►
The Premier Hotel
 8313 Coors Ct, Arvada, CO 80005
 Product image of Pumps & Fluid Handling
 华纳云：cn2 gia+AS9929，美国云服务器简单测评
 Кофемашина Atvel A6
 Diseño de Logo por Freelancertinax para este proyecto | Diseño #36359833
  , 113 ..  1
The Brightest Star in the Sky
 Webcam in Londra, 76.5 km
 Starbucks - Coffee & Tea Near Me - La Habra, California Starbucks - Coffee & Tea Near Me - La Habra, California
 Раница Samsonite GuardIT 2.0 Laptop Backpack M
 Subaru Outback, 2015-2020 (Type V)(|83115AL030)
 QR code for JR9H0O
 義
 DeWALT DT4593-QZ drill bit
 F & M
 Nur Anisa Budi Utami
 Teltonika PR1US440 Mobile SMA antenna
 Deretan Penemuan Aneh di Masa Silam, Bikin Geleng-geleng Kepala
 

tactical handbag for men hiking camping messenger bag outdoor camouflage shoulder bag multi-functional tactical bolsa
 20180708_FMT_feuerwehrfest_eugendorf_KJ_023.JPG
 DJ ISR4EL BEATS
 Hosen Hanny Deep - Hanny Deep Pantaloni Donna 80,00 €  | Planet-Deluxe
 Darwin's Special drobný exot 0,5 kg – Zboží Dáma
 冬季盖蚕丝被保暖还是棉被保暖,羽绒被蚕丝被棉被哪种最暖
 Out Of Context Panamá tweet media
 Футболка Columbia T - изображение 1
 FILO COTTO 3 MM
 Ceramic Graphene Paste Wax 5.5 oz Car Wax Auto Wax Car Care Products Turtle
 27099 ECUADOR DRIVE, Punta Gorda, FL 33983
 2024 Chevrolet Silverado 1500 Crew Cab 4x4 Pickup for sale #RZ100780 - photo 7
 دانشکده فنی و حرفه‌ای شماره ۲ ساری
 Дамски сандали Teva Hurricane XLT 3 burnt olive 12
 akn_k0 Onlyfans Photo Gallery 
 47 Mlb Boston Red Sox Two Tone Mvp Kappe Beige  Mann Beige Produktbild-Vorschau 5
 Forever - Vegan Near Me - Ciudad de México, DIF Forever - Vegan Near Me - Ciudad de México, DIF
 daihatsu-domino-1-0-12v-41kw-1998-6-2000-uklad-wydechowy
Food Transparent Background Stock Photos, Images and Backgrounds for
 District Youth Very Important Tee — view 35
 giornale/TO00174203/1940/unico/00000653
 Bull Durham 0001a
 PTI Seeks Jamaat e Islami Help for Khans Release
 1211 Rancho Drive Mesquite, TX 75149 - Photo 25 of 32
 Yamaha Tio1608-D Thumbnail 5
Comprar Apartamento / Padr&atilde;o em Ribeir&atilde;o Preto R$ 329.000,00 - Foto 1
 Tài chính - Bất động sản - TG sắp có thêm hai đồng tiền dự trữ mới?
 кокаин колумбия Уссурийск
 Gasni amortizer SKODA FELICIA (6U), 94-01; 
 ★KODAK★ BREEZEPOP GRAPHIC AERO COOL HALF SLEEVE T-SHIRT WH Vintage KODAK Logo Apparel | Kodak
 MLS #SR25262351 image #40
◄
→ Exercise requirements
Above are records; repeat only the lines starting at the line with "FILO COTTO 3 MM" and ending at the line with "daihatsu-domino-1-0-12v-41kw-1998-6-2000-uklad-wydechowy", exactly as they appear, both included.

→ Final answer
 FILO COTTO 3 MM
 Ceramic Graphene Paste Wax 5.5 oz Car Wax Auto Wax Car Care Products Turtle
 27099 ECUADOR DRIVE, Punta Gorda, FL 33983
 2024 Chevrolet Silverado 1500 Crew Cab 4x4 Pickup for sale #RZ100780 - photo 7
 دانشکده فنی و حرفه‌ای شماره ۲ ساری
 Дамски сандали Teva Hurricane XLT 3 burnt olive 12
 akn_k0 Onlyfans Photo Gallery 
 47 Mlb Boston Red Sox Two Tone Mvp Kappe Beige  Mann Beige Produktbild-Vorschau 5
 Forever - Vegan Near Me - Ciudad de México, DIF Forever - Vegan Near Me - Ciudad de México, DIF
 daihatsu-domino-1-0-12v-41kw-1998-6-2000-uklad-wydechowy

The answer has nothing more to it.